Ce qui est tout particulièrement visé par la requête est l’annexe de l’arrêté concernant le programme de troisième, qui cite, parmi les compétences à acquérir par les élèves : "décrire et expliquer la guerre des tranchées et le génocide des Arméniens comme des manifestations de la violence de masse". L’association avait assorti son recours d’une demande de QPC, tendant à faire renvoyer devant le Conseil constitutionnel la question de la conformité aux droits et libertés garantis par la Constitution, les dispositions de l’article 1er d’une loi de 2001, disposant que "la France reconnaît publiquement le génocide arménien". Il semble bien qu’au delà des programmes scolaires, c’était la loi elle-même qui était la véritable cible, l’association récusant le terme de génocide et prétendant y voir une atteinte à la liberté d’expression, de conscience et d’opinion et au principe de neutralité du service public.

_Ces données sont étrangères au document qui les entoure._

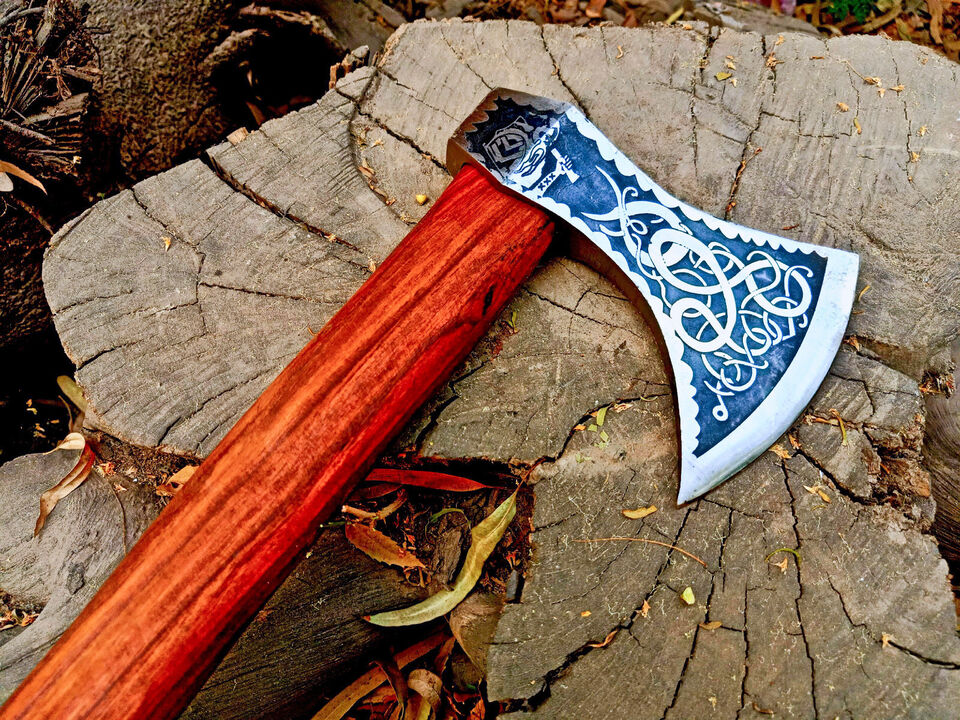 Handmade Carbon Steel Viking Throwing Axe | Rare Art Axe with Carved Ashwood Handle Axe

Une loi bavarde ne peut être invoquée

Le Conseil constitutionnel avait déjà été amené à se prononcer sur cette loi, en 2012 et il avait estimé que l’article incriminé était dépourvu de portée normative, c’est-à-dire d’effet juridique : depuis 2004, le Conseil affirme en effet que la loi a vocation à énoncer des règles de droit et qu’elle doit par suite être revêtue d’une portée normative. "La loi, disait l'ancien président du Conseil constitutionnel Pierre Mazeaud, n’est pas faite pour affirmer des évidences, émettre des vœux ou dessiner l’état idéal du monde", sauf à en faire "un instrument de la politique spectacle". La loi "bavarde", que dénonçait Renaud Denoix de Saint Marc (membre du CC), risque de perdre toute autorité. C’est sur ces bases que le Conseil constitutionnel avait par exemple censuré, en 2005, un certain nombre de dispositions de la loi Fillon, constituant autant de truismes, comme l’affirmation que "l’objectif de l’école est la réussite de tous les élèves"ou "compte tenu de la diversité des élèves, l’école doit reconnaître et promouvoir toutes les formes d’intelligence pour leur permettre de valoriser leurs talents".

De l’absence de portée normative des dispositions contestées, le Conseil déduit en particulier leur constitutionnalité ne peut être contestée et qu’elles ne peuvent pas être invoquées à l’appui d’un recours. Reprenant la constatation faite en 2012 selon laquelle une disposition législative qui a pour objet de "reconnaître" un génocide n’a pas de portée normative, le Conseil d’Etat en déduit logiquement qu‘elle ne peut être regardée comme applicable au litige engagé par l’association et qu’elle n’est pas de nature à porter atteinte aux droits et libertés reconnus par la Constitution. Il refuse en conséquence de transmettre la QPC au Conseil constitutionnel.

La France n’est pas le seul pays où l’on essaie d’entraîner le juge vers des domaines ne relevant pas de sa compétence : juger de ce qui relève ou non de la vérité scientifique. La longue histoire des débats américains sur l’enseignement du créationnisme vient de toute évidence à l’appui de cette proposition. Mais il semble plus qu’évident que, lors de l’examen au fond de la requête, le Conseil d’Etat, fidèle à ses traditions, au principe de laïcité et, de manière plus générale, aux valeurs de la République, refusera de suivre les requérants sur la voie empoisonnée où ils voudraient l’amener.